[WHAT THE EXERCISE ASKS]: Each record below needs to be reproduced precisely, though not its pictures.

[MATERIAL FOR THIS EXERCISE]:
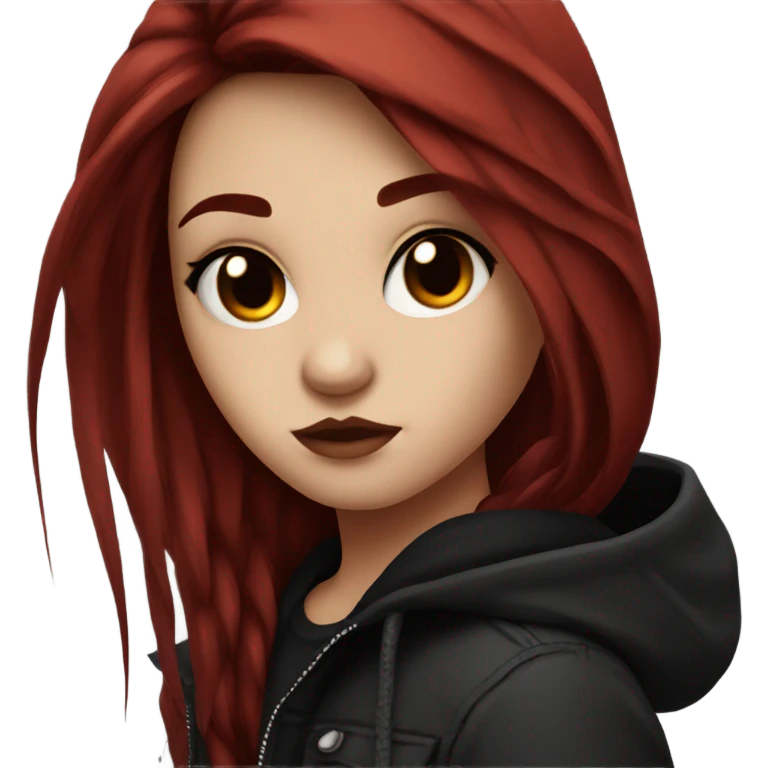 Emo girl with dark red hair and black eyeliner  emoji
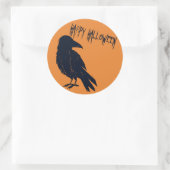 Sticker Rond Sticule orange Halloween noir Crow Silhouette (Sac)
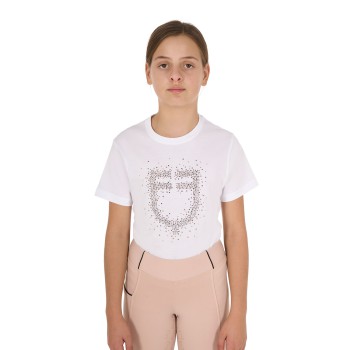 T-SHIRT BAMBINA SLIM FIT LOGO GLITTER ROSA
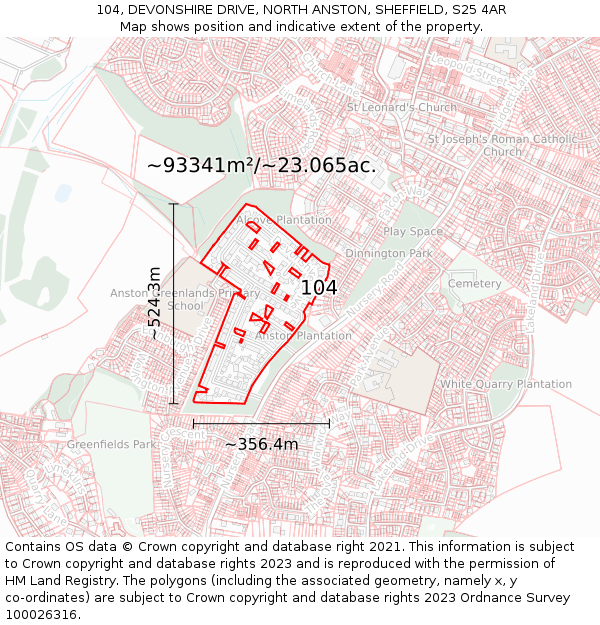 104, DEVONSHIRE DRIVE, NORTH ANSTON, SHEFFIELD, S25 4AR: Plot and title map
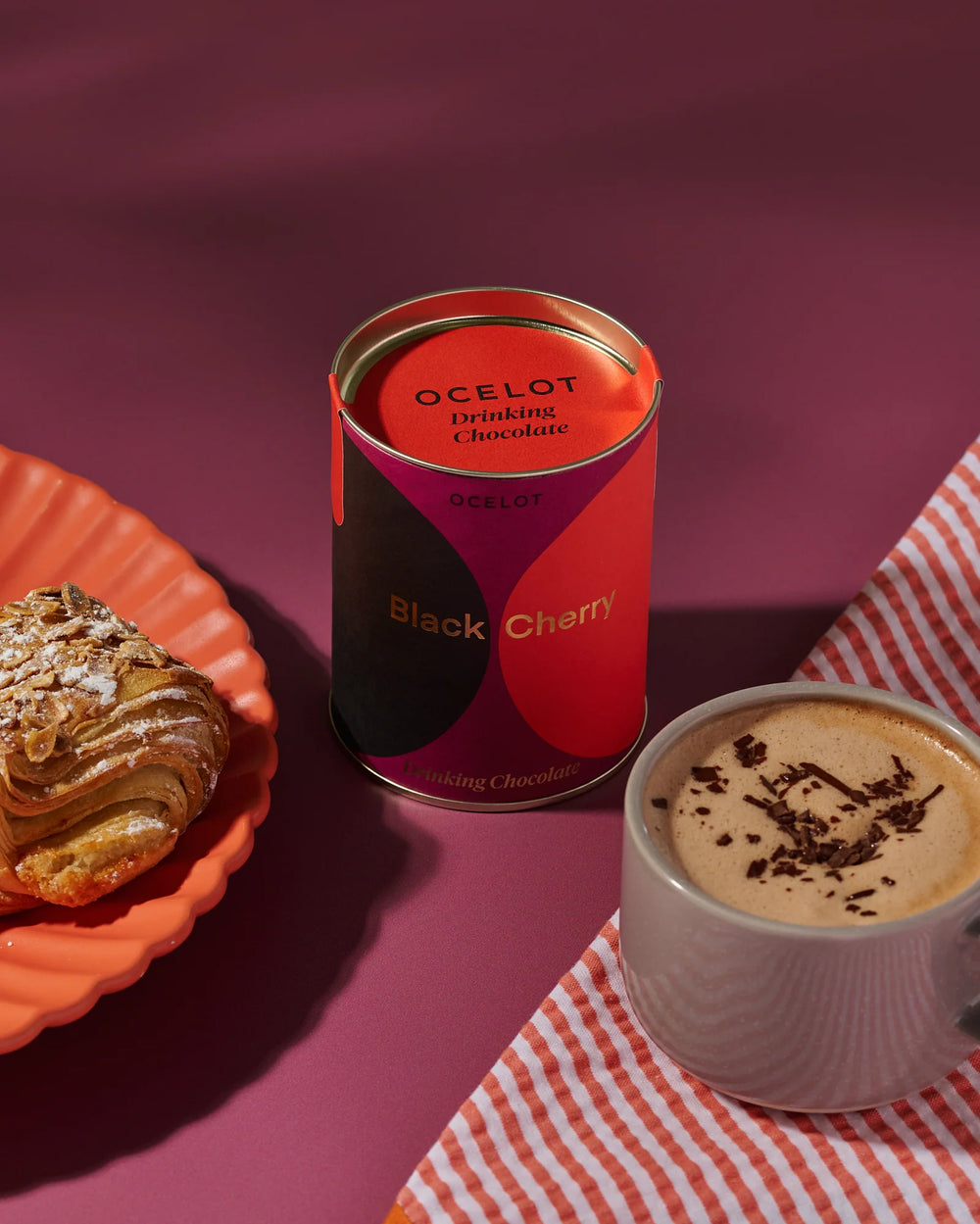 Ocelot Organic 70% Dark Chocolate Black Cherry Drinking Chocolate - 200g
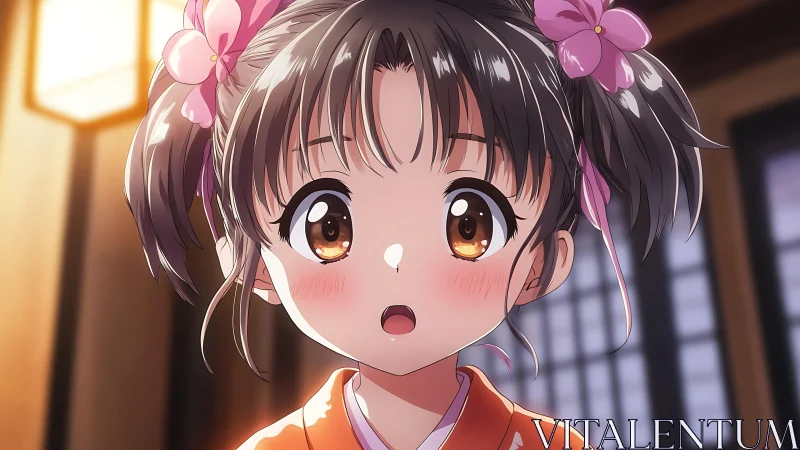 Bright eyed girl in kimono gazes up with gentle surprise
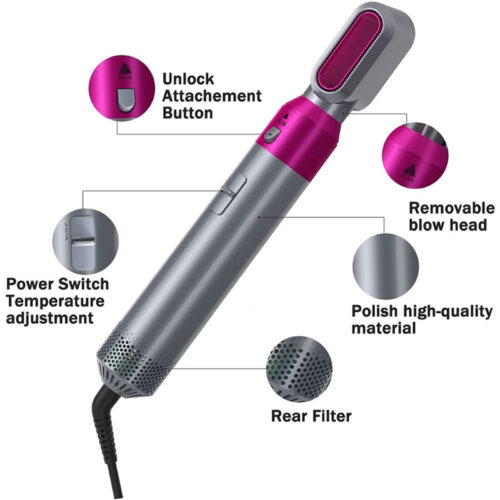 5 In 1 Detachable Hair Dryer Electric Blow Dryer Comb Negative Ion Straightener & Hair Curler - Image 9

[ANSWER TO THIS EXERCISE]:
 Emo girl with dark red hair and black eyeliner  emoji
 Sticker Rond Sticule orange Halloween noir Crow Silhouette (Sac)
 T-SHIRT BAMBINA SLIM FIT LOGO GLITTER ROSA
 104, DEVONSHIRE DRIVE, NORTH ANSTON, SHEFFIELD, S25 4AR: Plot and title map
 Ocelot Organic 70% Dark Chocolate Black Cherry Drinking Chocolate - 200g
 Bright eyed girl in kimono gazes up with gentle surprise
 5 In 1 Detachable Hair Dryer Electric Blow Dryer Comb Negative Ion Straightener & Hair Curler - Image 9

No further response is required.